I want to convert speech to text using mozilla deepspeech. But the output is really bad.

I have downloaded mozilla's pre trained model and then what i have done is this:



BEAM_WIDTH = 500

LM_WEIGHT = 1.50

VALID_WORD_COUNT_WEIGHT = 2.10

N_FEATURES = 26

N_CONTEXT = 9


ds = Model(model, N_FEATURES, N_CONTEXT, alphabet, BEAM_WIDTH)


fs,audio = wav.read(path)


data = audio[:,0] ## changing to mono channel (using only one channel)

prediction = ds.stt(data,fs)

print(test)

print(prediction)

Now the output is nowhere near to my audio sample. What do i have to do to increase it's accuracy?

Amit Joshi
  • 61
  • 1
  • 1
  • 6

1 Answers1

0

I assume it's because you are not including any LanguageModel.

The pre-trained model is basically just the acoustic model which will only transcribe the audio to similar sounding text that may not make sense.

If you combine the acoustic model with a language model (LM) you will likely get better results.

In your code example I can see the Parameter LM_WEIGHT but not any refenrence to the LM itself.

I'm unsure in which Language you want to integrate deepspeech but here is the example for node-js.
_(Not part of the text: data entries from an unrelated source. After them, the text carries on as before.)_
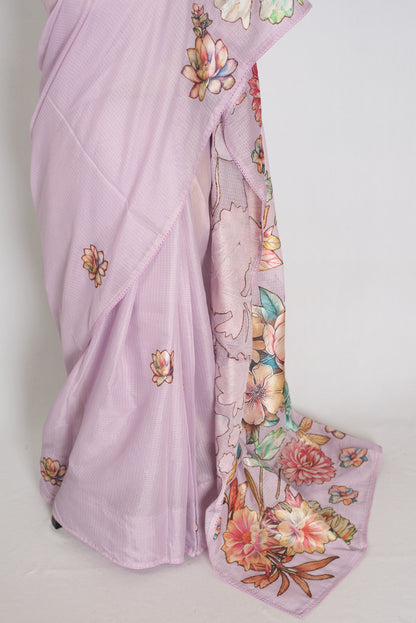 Mouli | Lavender Semi Silk Kota Saree with Designer Floral Applique Work image 6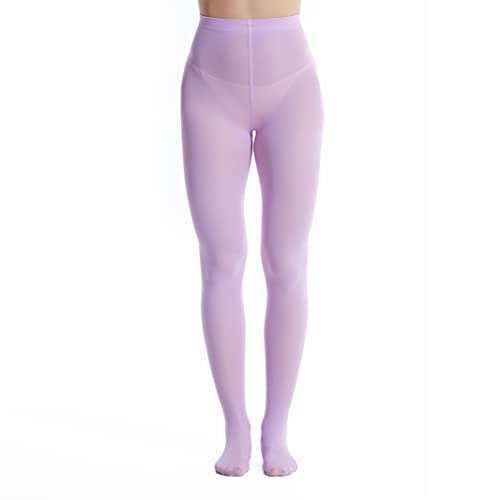 Frola Collants opaques 40D pour femmes, collants doux et soyeux de couleur unie avec pieds,violet clair,M-L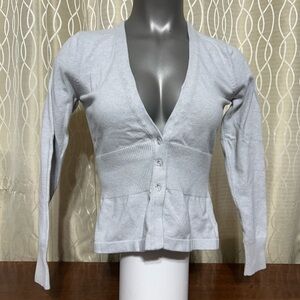 “Press”, Women's Light Grey Cardigan Sweater Fitted Waist V Neck
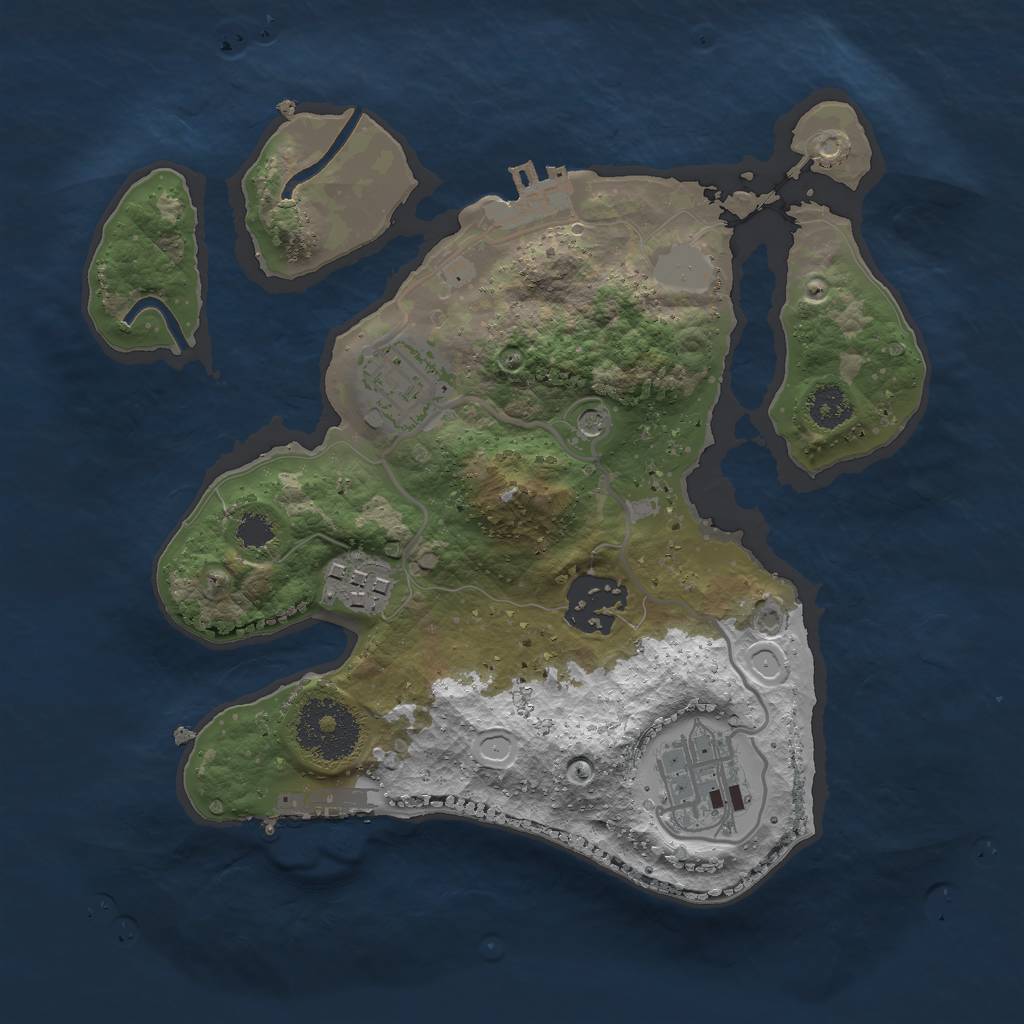 Rust Map: Procedural Map, Size: 2500, Seed: 1697758307, 12 Monuments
This is the part where the LM is integrated

const LM_ALPHA = 0.75;
const LM_BETA = 1.85;
let lmPath = './models/lm.binary';
let triePath = './models/trie';
model.enableDecoderWithLM(lmPath, triePath, LM_ALPHA, LM_BETA);

If I'm not mistaken, the LM & Trie file is included in the pre-trained download ZIP

wget https://github.com/mozilla/DeepSpeech/releases/download/v0.5.1/deepspeech-0.5.1-models.tar.gz

Otherwise you can also create your own Language Model which would make sense if you only need the Model to recognize specific words.

thimos
  • 91
  • 10